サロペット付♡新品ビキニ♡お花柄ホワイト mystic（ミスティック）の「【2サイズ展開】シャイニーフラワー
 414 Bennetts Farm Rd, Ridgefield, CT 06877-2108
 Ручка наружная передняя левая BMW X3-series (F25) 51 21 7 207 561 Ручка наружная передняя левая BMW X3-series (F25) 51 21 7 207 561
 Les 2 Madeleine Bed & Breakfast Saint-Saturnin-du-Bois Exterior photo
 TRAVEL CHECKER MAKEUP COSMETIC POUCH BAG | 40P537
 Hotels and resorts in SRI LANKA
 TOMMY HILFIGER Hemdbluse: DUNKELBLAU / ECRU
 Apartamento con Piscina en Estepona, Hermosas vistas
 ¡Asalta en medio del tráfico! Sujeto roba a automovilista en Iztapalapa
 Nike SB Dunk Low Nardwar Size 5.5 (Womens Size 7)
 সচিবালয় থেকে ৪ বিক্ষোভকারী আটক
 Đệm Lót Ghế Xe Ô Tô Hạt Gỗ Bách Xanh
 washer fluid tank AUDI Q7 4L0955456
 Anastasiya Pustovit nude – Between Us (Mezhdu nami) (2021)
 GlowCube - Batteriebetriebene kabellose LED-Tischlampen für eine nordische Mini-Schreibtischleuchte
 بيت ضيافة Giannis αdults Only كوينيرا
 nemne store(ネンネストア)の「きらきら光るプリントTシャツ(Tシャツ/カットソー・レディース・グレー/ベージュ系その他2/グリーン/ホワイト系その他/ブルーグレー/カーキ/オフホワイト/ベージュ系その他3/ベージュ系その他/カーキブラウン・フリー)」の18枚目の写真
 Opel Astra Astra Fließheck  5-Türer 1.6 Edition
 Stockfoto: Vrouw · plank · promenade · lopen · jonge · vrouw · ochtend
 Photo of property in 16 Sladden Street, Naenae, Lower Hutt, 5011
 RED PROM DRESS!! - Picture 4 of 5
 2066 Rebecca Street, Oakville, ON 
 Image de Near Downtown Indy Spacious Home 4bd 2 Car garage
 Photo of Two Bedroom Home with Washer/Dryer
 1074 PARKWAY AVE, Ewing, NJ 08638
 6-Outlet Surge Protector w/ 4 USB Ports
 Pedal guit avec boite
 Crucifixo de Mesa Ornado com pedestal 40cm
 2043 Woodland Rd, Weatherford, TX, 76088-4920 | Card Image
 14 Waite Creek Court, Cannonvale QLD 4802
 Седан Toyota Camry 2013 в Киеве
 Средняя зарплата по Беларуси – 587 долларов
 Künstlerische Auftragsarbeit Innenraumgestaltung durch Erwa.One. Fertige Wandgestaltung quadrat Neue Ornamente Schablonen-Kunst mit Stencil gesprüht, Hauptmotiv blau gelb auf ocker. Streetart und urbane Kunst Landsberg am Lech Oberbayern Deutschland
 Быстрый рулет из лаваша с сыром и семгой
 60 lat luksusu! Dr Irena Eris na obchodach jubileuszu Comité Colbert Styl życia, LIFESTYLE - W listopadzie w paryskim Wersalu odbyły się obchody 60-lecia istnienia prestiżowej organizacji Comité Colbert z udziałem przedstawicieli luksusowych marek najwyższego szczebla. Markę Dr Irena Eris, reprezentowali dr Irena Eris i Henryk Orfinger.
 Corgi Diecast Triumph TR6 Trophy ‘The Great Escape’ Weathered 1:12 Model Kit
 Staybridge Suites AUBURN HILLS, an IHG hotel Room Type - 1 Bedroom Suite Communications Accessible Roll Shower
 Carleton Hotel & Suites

• [Task statement]:
Could you restate every entry above word for word?

• [Output of the exercise]:
サロペット付♡新品ビキニ♡お花柄ホワイト mystic（ミスティック）の「【2サイズ展開】シャイニーフラワー
 414 Bennetts Farm Rd, Ridgefield, CT 06877-2108
 Ручка наружная передняя левая BMW X3-series (F25) 51 21 7 207 561 Ручка наружная передняя левая BMW X3-series (F25) 51 21 7 207 561
 Les 2 Madeleine Bed & Breakfast Saint-Saturnin-du-Bois Exterior photo
 TRAVEL CHECKER MAKEUP COSMETIC POUCH BAG | 40P537
 Hotels and resorts in SRI LANKA
 TOMMY HILFIGER Hemdbluse: DUNKELBLAU / ECRU
 Apartamento con Piscina en Estepona, Hermosas vistas
 ¡Asalta en medio del tráfico! Sujeto roba a automovilista en Iztapalapa
 Nike SB Dunk Low Nardwar Size 5.5 (Womens Size 7)
 সচিবালয় থেকে ৪ বিক্ষোভকারী আটক
 Đệm Lót Ghế Xe Ô Tô Hạt Gỗ Bách Xanh
 washer fluid tank AUDI Q7 4L0955456
 Anastasiya Pustovit nude – Between Us (Mezhdu nami) (2021)
 GlowCube - Batteriebetriebene kabellose LED-Tischlampen für eine nordische Mini-Schreibtischleuchte
 بيت ضيافة Giannis αdults Only كوينيرا
 nemne store(ネンネストア)の「きらきら光るプリントTシャツ(Tシャツ/カットソー・レディース・グレー/ベージュ系その他2/グリーン/ホワイト系その他/ブルーグレー/カーキ/オフホワイト/ベージュ系その他3/ベージュ系その他/カーキブラウン・フリー)」の18枚目の写真
 Opel Astra Astra Fließheck  5-Türer 1.6 Edition
 Stockfoto: Vrouw · plank · promenade · lopen · jonge · vrouw · ochtend
 Photo of property in 16 Sladden Street, Naenae, Lower Hutt, 5011
 RED PROM DRESS!! - Picture 4 of 5
 2066 Rebecca Street, Oakville, ON 
 Image de Near Downtown Indy Spacious Home 4bd 2 Car garage
 Photo of Two Bedroom Home with Washer/Dryer
 1074 PARKWAY AVE, Ewing, NJ 08638
 6-Outlet Surge Protector w/ 4 USB Ports
 Pedal guit avec boite
 Crucifixo de Mesa Ornado com pedestal 40cm
 2043 Woodland Rd, Weatherford, TX, 76088-4920 | Card Image
 14 Waite Creek Court, Cannonvale QLD 4802
 Седан Toyota Camry 2013 в Киеве
 Средняя зарплата по Беларуси – 587 долларов
 Künstlerische Auftragsarbeit Innenraumgestaltung durch Erwa.One. Fertige Wandgestaltung quadrat Neue Ornamente Schablonen-Kunst mit Stencil gesprüht, Hauptmotiv blau gelb auf ocker. Streetart und urbane Kunst Landsberg am Lech Oberbayern Deutschland
 Быстрый рулет из лаваша с сыром и семгой
 60 lat luksusu! Dr Irena Eris na obchodach jubileuszu Comité Colbert Styl życia, LIFESTYLE - W listopadzie w paryskim Wersalu odbyły się obchody 60-lecia istnienia prestiżowej organizacji Comité Colbert z udziałem przedstawicieli luksusowych marek najwyższego szczebla. Markę Dr Irena Eris, reprezentowali dr Irena Eris i Henryk Orfinger.
 Corgi Diecast Triumph TR6 Trophy ‘The Great Escape’ Weathered 1:12 Model Kit
 Staybridge Suites AUBURN HILLS, an IHG hotel Room Type - 1 Bedroom Suite Communications Accessible Roll Shower
 Carleton Hotel & Suites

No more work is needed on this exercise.